Copy verbatim the span of lines beginning at the line that contains "1759 Glenneyre Street, Laguna Beach, CA" and ending with the final line of the data. Exclude pictures from the copy.

Captioned web images:
****************
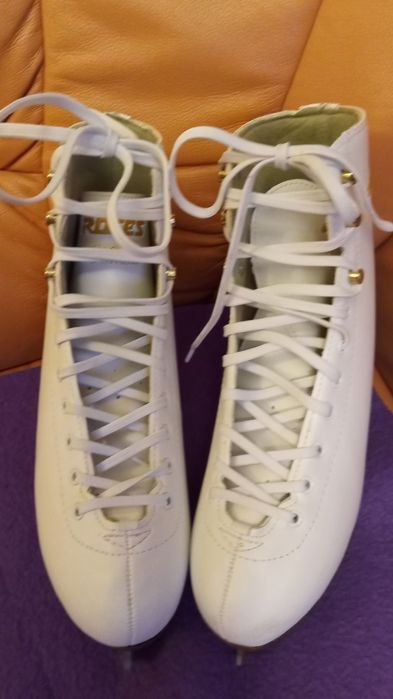 Łyżwy figurowe ROCES NIRWANA Rozmiar 42 Wkładka 28cm. Nowe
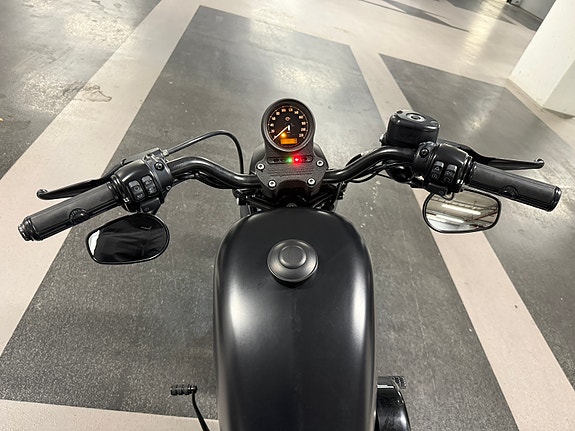 Harley-Davidson XL 883N Iron ombygget (1200) 12 of 17
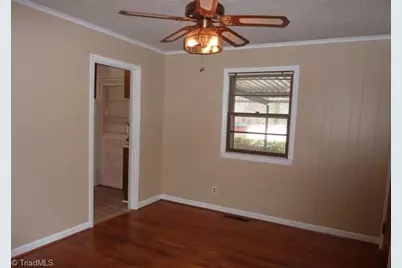 915 Stephens Street, Greensboro, NC 27406 - Photo 6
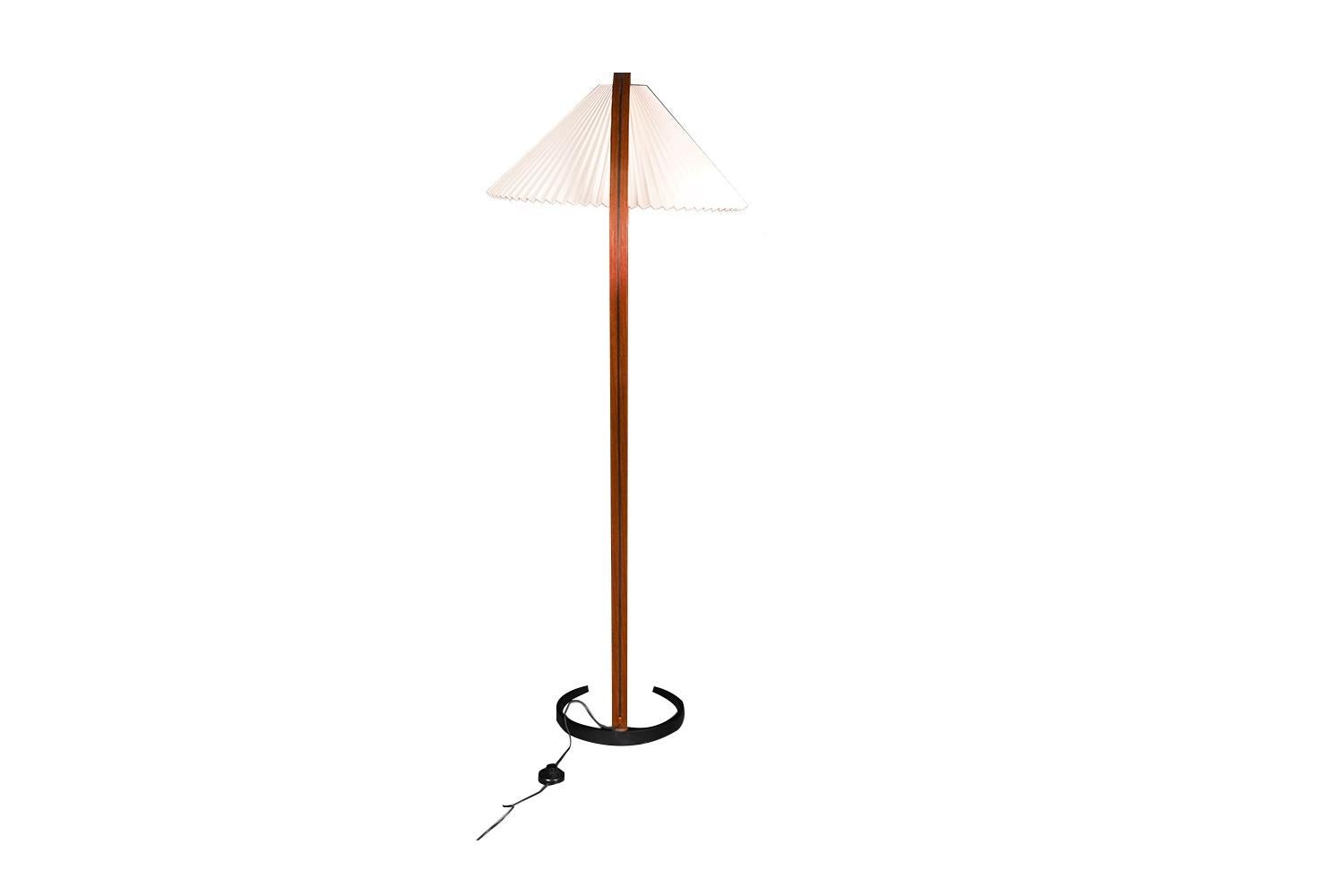 Vintage Original Denmark Floor Lamp Mads Caprani  In Good Condition For Sale In Baltimore, MD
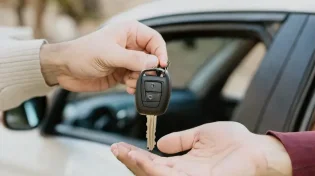 סיכם עם חברו על מכירת הרכב - ואז חזר בו: האם ההתחייבות מחייבת?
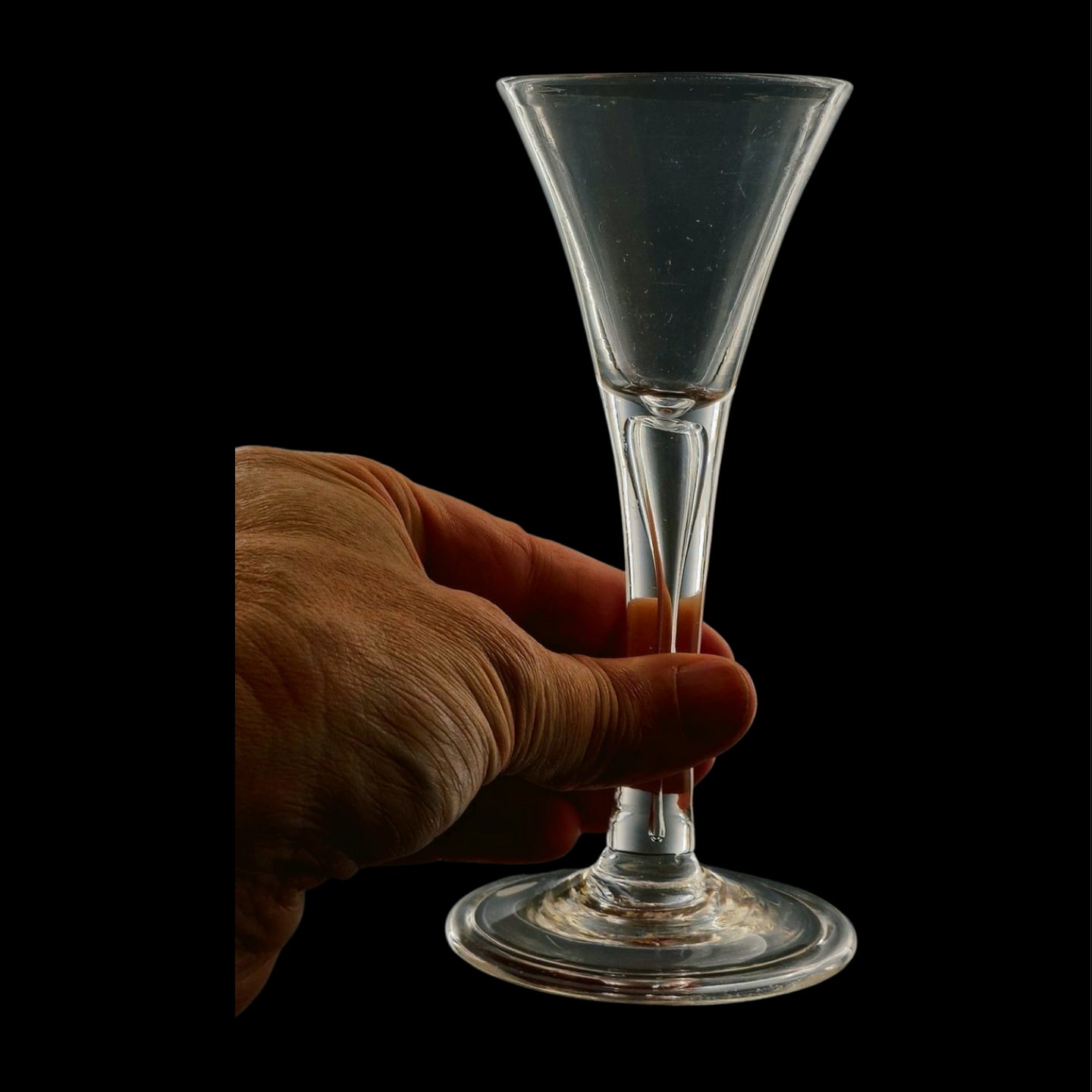 Tear-drop Wine Glass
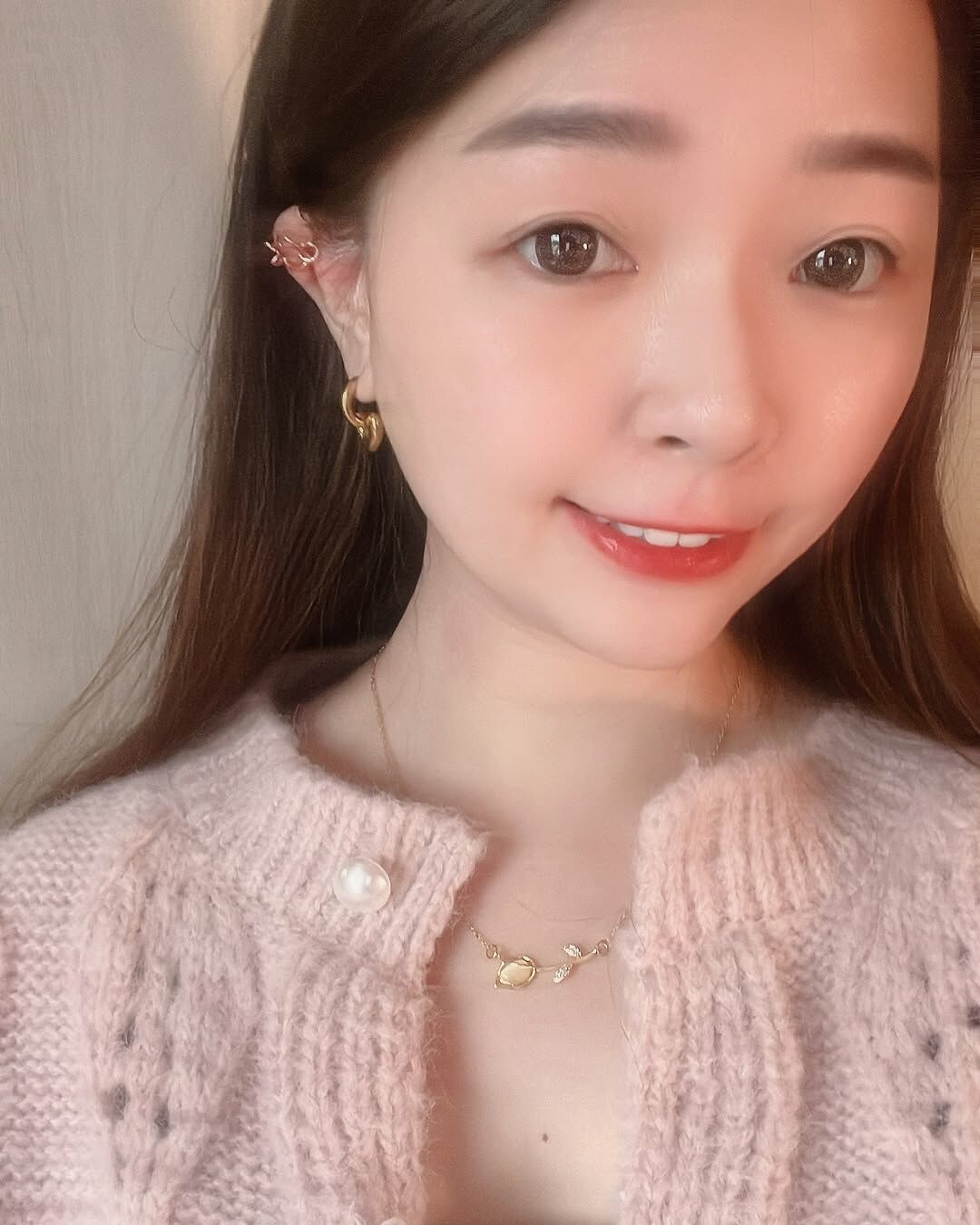 蓬蓬愛心非常討人喜歡 人見人愛 一看到就一眼心動💓  愛心中間是空心設計 配上耳扣 多了一點成熟 就不用擔心太可愛 是可愛女人的感覺(⁎⁍̴̛ᴗ⁍̴̛⁎)👠✨  另一個亮點是 這款有2 way戴法唷🌟 蓬蓬愛心是可以拆掉的 上班上課、或是想要低調的場合時 就可以單戴素圈 變成高雅氣質🕊️ 洗澡睡覺也不用拆，不過敏也不褪色🛁
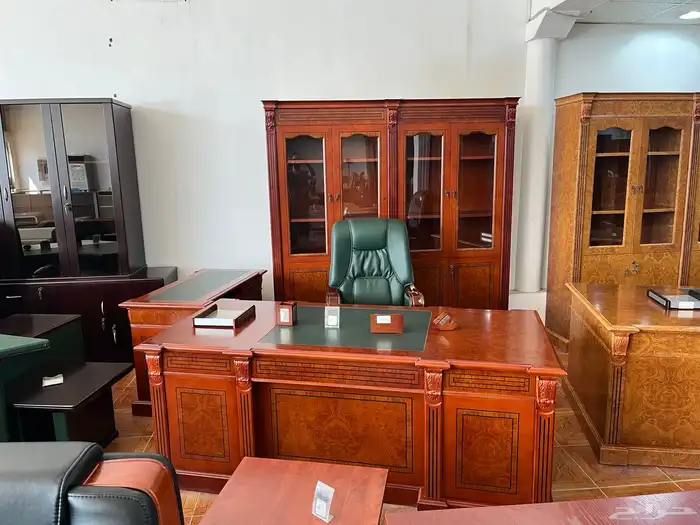 مكتب مقاس 200سم مع دولاب 4درفه فخم جديد بكرتونه 0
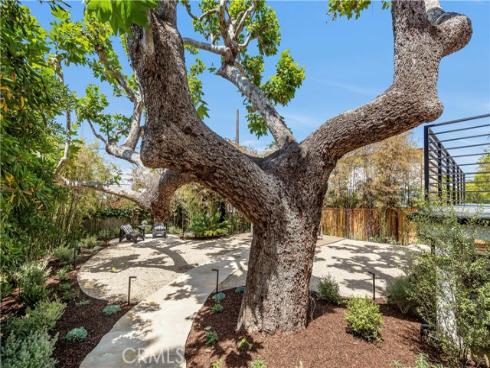 1759 Glenneyre Street, Laguna Beach, CA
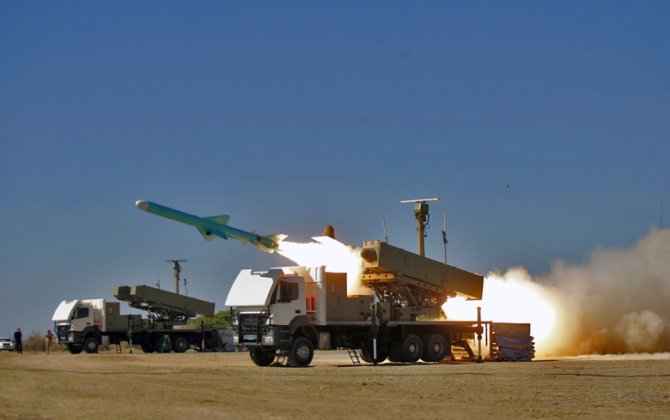 Системы ПВО ОАЭ перехватили 7 иранских баллистических ракет и 27 БПЛА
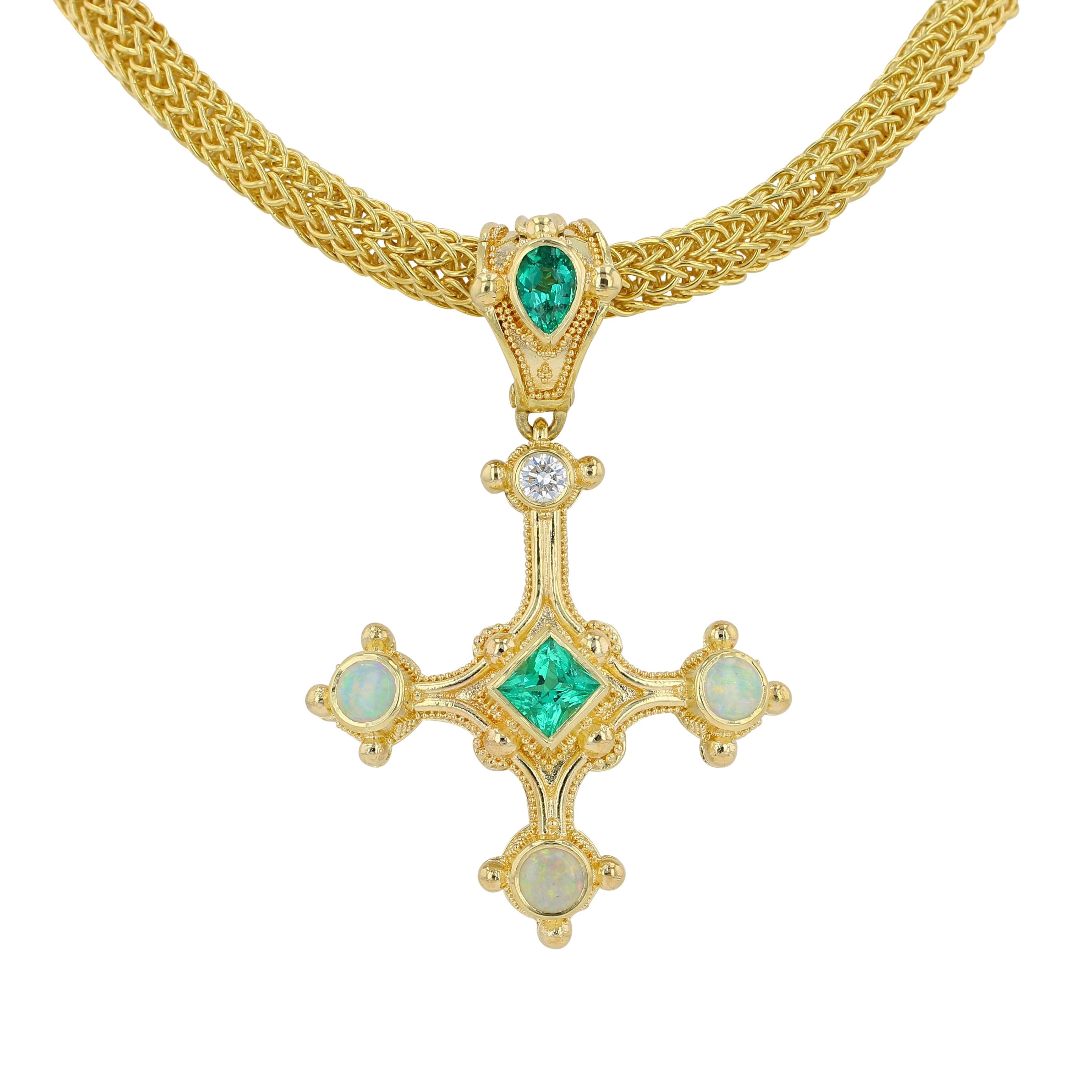 Artisan Pendentif en forme de croix en or 18 carats Raible de Kent avec émeraude, opale, diamant et granulation en vente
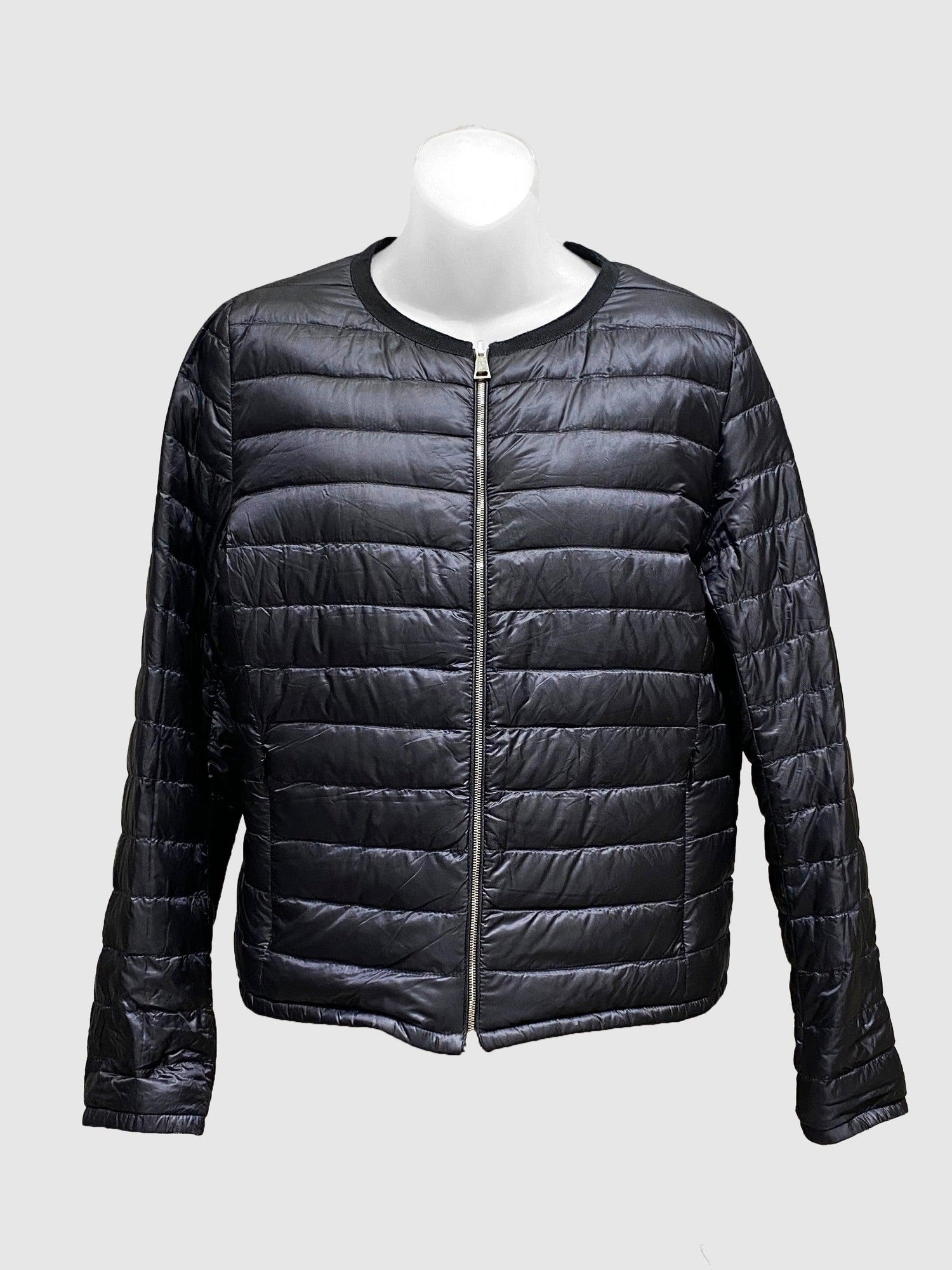 Moncler - Size 4 - Second Nature Boutique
****************
Result of this task:
 1759 Glenneyre Street, Laguna Beach, CA
 Системы ПВО ОАЭ перехватили 7 иранских баллистических ракет и 27 БПЛА
 Artisan Pendentif en forme de croix en or 18 carats Raible de Kent avec émeraude, opale, diamant et granulation en vente
 Moncler - Size 4 - Second Nature Boutique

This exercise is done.